Material for the task:
-- Opening Marker --

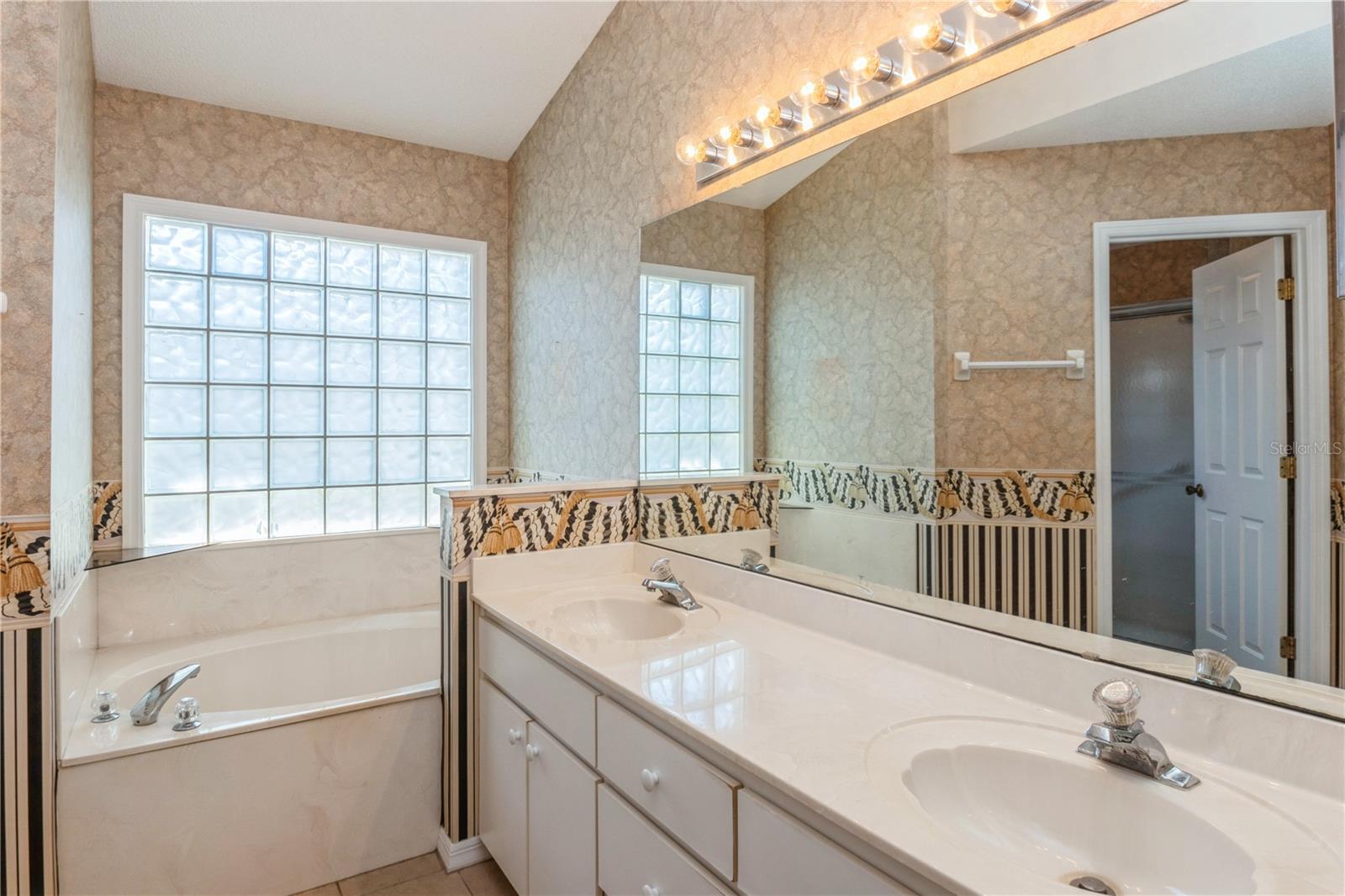 2137 SHERWOOD FOREST DR, ORANGE CITY, FL, 32763
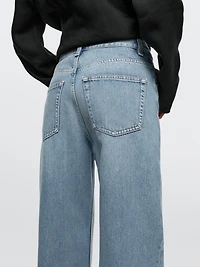 High-waist wide-leg jeans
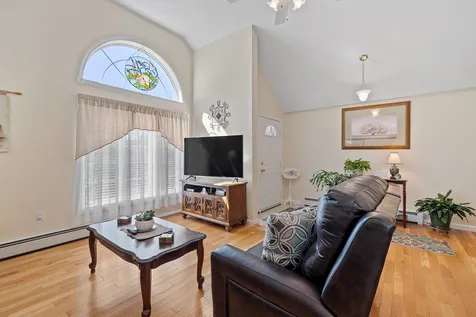 17 Red Oak Drive Gilford NH 03249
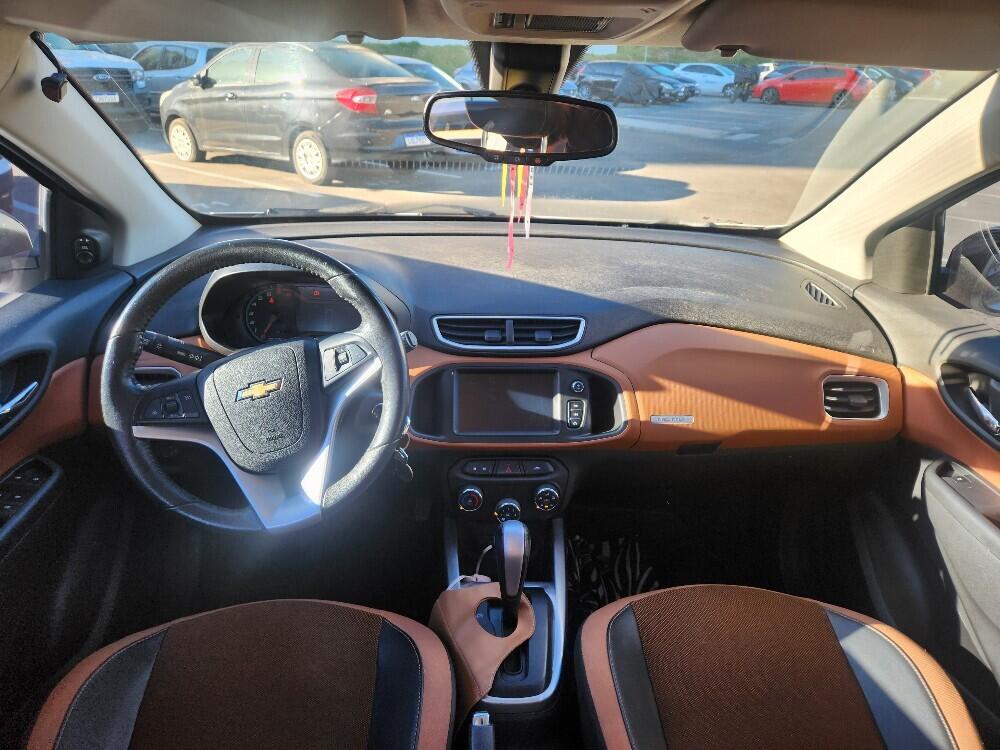 Chevrolet Onix Hatch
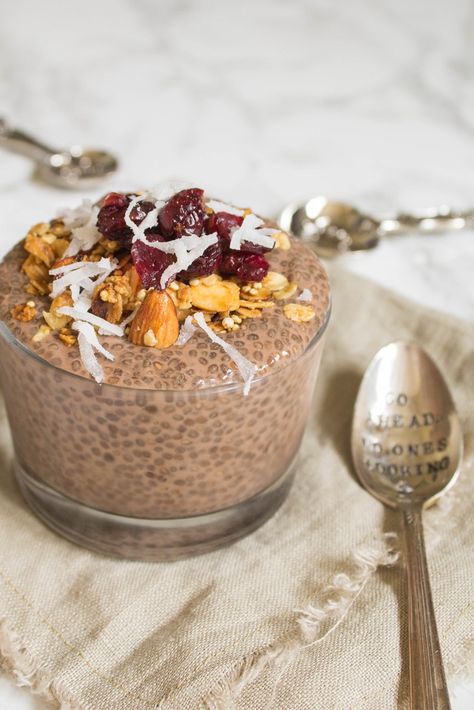 Overnight Chocolate Chia Pudding Overnight Chocolate Chia Seed Pudding, Oats Pudding, Pudding Made With Almond Milk, Chocolate Chia Pudding Aesthetic, Chocolate Almond Butter Chia Pudding, Chocolate Blended Chia Pudding, Chocolate Shell Chia Pudding, Recipes Pudding, Chocolate Chia Pudding Recipes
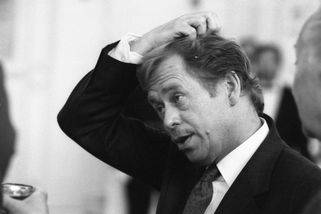 Havlovy nevěry: První český prezident miloval dominantní ženy, podváděl Olgu i Dagmar - Médium.cz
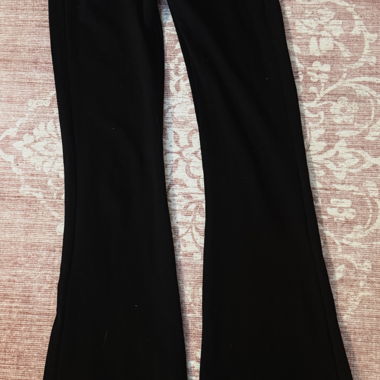 Schwarze Flared Hose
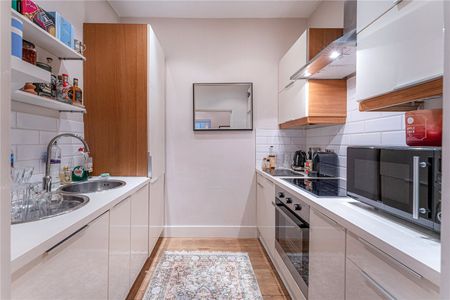 Stunning Two Bedroom Apartment with Access to Award Winning Gardens - Photo 4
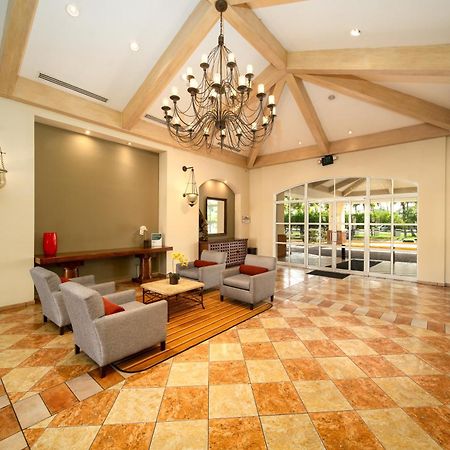 Quality Hotel Real Aeropuerto San Salvador San Luis Bagian luar foto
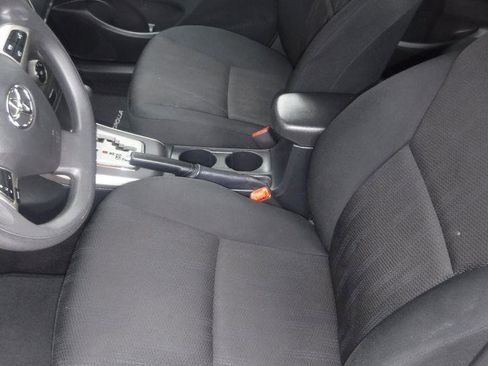 Used 2011 Toyota Corolla S image 21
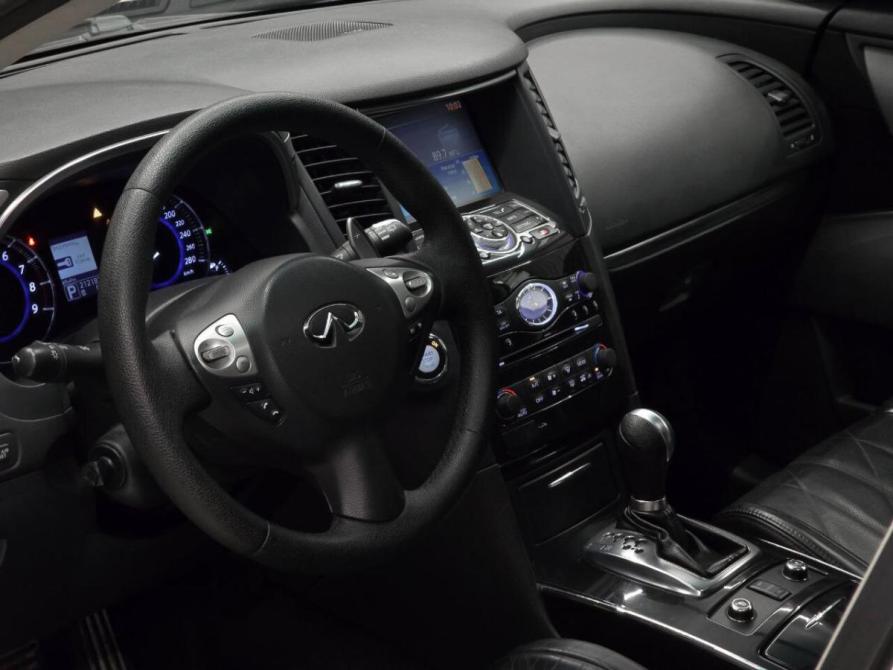 Infiniti QX70 Красноярск  - изображение 18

-- Closing Marker --

The problem:
The required output is the line containing "Schwarze Flared Hose" plus every line after it to the end of the data, copied exactly and with no pictures.

Reply to the exercise:
 Schwarze Flared Hose
 Stunning Two Bedroom Apartment with Access to Award Winning Gardens - Photo 4
 Quality Hotel Real Aeropuerto San Salvador San Luis Bagian luar foto
 Used 2011 Toyota Corolla S image 21
 Infiniti QX70 Красноярск  - изображение 18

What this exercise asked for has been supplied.